**About this task**: Where the material below has a line containing "Boucles D'oreilles Pendantes", start repeating exactly, and keep going through the line containing "N°23796 - Carte", with no other lines.

**Information**:
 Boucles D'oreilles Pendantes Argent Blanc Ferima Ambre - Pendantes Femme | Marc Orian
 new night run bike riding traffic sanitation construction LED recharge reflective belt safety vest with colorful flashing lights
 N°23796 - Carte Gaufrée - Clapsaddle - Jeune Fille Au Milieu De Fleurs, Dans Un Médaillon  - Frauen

==

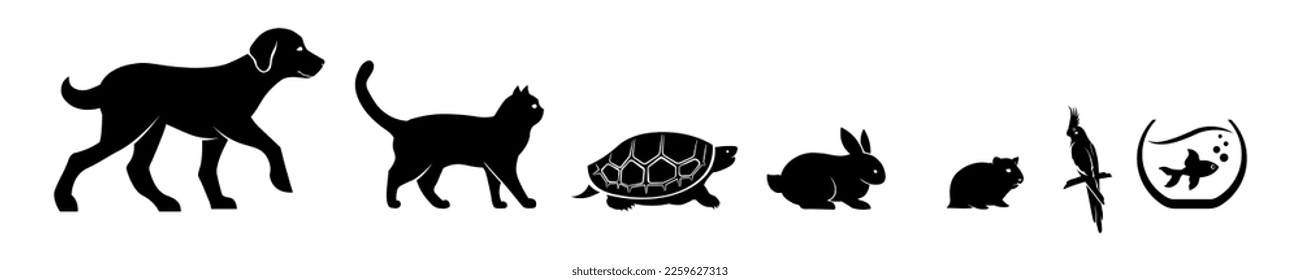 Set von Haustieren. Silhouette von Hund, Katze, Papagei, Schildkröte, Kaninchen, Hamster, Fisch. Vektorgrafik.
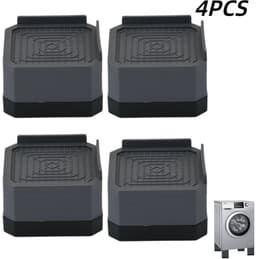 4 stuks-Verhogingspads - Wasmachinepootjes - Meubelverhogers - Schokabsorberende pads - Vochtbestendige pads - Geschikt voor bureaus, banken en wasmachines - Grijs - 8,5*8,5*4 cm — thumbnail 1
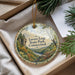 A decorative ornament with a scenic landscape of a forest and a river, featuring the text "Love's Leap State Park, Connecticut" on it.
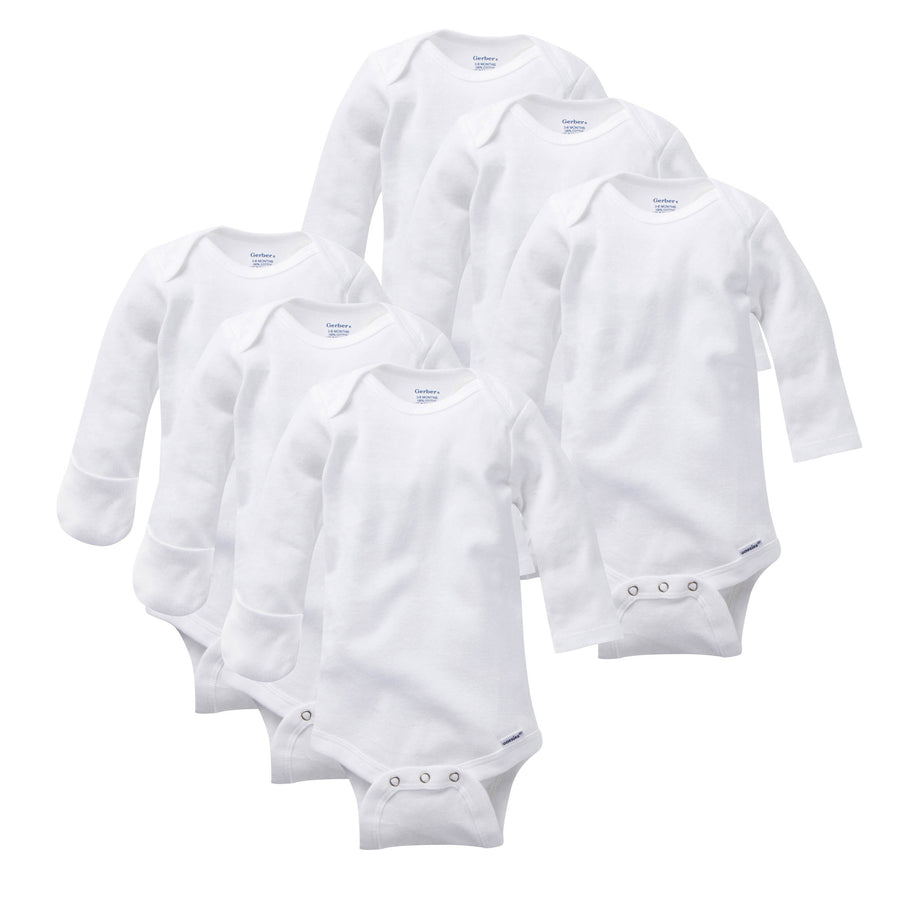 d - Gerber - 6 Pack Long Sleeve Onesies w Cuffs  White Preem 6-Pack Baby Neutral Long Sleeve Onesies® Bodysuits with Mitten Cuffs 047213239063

* * *

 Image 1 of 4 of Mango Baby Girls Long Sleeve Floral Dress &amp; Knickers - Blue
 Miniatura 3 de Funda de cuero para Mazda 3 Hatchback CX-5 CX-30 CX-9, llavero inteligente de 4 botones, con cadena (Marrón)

**Output below**:
 Boucles D'oreilles Pendantes Argent Blanc Ferima Ambre - Pendantes Femme | Marc Orian
 new night run bike riding traffic sanitation construction LED recharge reflective belt safety vest with colorful flashing lights
 N°23796 - Carte Gaufrée - Clapsaddle - Jeune Fille Au Milieu De Fleurs, Dans Un Médaillon  - Frauen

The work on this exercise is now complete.